British Airways
A British Airways plane taxis at Heathrow Airport in London. Reuters/Luke MacGregor

British MPs have urged the government to cut air passenger duty (APD) by 50%, claiming the tax poses an obstacle to post-Brexit Britain's chances of trading outside Europe.

The tax contradicts the government's policy of promoting UK business to the "farthest reaches of the globe", the British Infrastructure Group (BIG) has claimed.

The group has called for the government to cut the tax by 50% in the Autumn Statement next week, before scrapping it altogether in 2017, following the example set by Ireland. Scotland, meanwhile, has already announced it will halve APD in 2018.

"APD has disproportionate effects on different tickets, disadvantaging flights to the Far East and especially to developing economies, where the cost of a plane ticket from London can be well over 10% tax," a report from BIG states.

"If the government is to act on its commitments, especially those of securing new trading partners outside the EU, it must make it as easy as possible to do business, conduct negotiations and to stimulate the exchange of people and skills. It cannot continue to actively make extra-European travel more expensive than it needs to be."

When it was first introduced in 1994, APD charges stood at £5 for short-haul flights and £10 for long-haul flights and was expected to generate approximately £330m in annual revenue. Over the last two decades, the tax has progressively increased and while the government now generates £3bn a year from it, Britain has one of the highest air travel taxes in the world.

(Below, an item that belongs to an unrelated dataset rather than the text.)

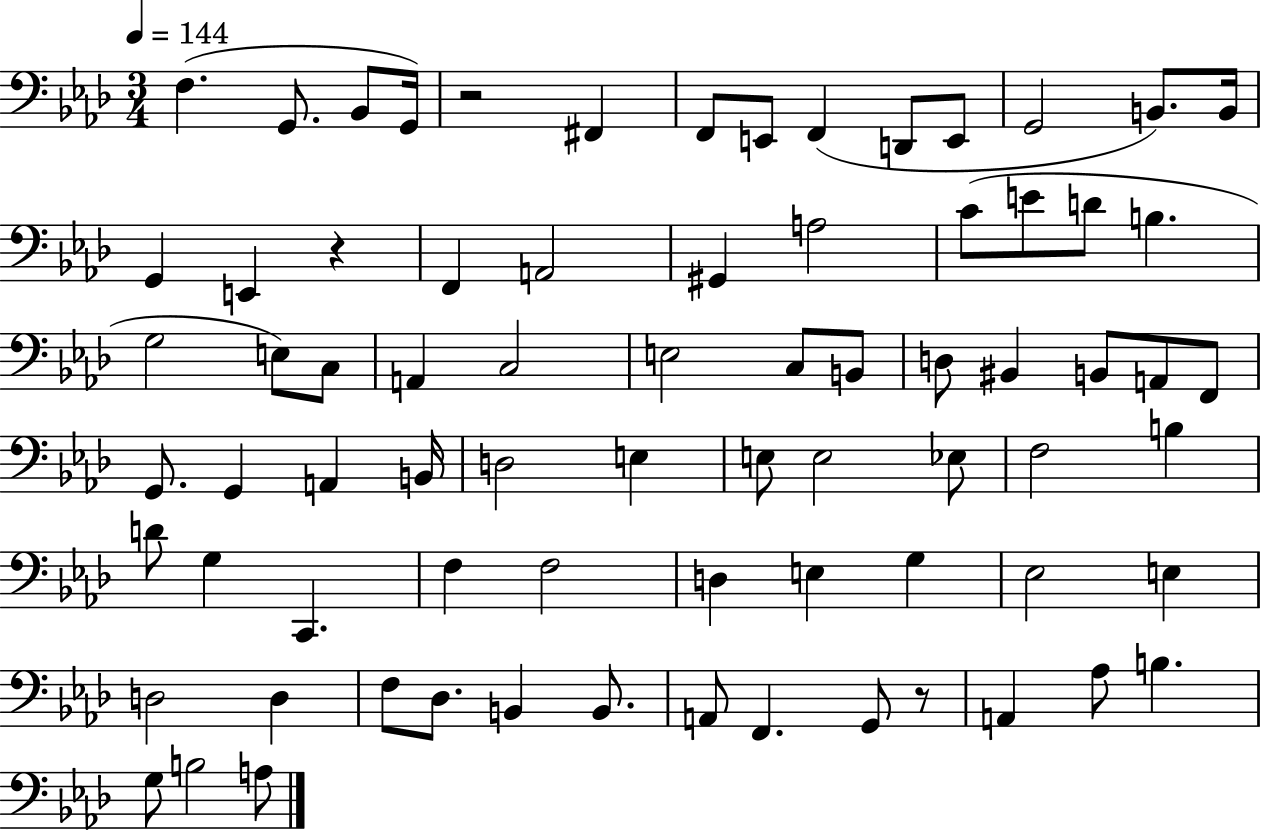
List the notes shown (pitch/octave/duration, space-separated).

F3/q. G2/e. Bb2/e G2/s R/h F#2/q F2/e E2/e F2/q D2/e E2/e G2/h B2/e. B2/s G2/q E2/q R/q F2/q A2/h G#2/q A3/h C4/e E4/e D4/e B3/q. G3/h E3/e C3/e A2/q C3/h E3/h C3/e B2/e D3/e BIS2/q B2/e A2/e F2/e G2/e. G2/q A2/q B2/s D3/h E3/q E3/e E3/h Eb3/e F3/h B3/q D4/e G3/q C2/q. F3/q F3/h D3/q E3/q G3/q Eb3/h E3/q D3/h D3/q F3/e Db3/e. B2/q B2/e. A2/e F2/q. G2/e R/e A2/q Ab3/e B3/q. G3/e B3/h A3/e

On economy class flights of over 2,000 miles, passengers pay £73 in tax, which will rise to £75 next year, while on long-haul business class journeys, passengers will pay £150 in duty from April, compared with the current £146.

Grant Shapps, the former international development minister who leads BIG, has urged Theresa May to live up to her promise of "forging a bold future for Britain", adding scrapping APD would deliver an immediate "Brexit dividend" as the government would not have to wait until Article 50 is triggered to cut the tax.

The decline in revenue deriving from slashing the duty would be immediately offset by an increase in trade from outside Europe, Shapps said, adding that implementing a cut see Philip Hammond to "stamp his own authority" as Chancellor in his first Autumn Statement.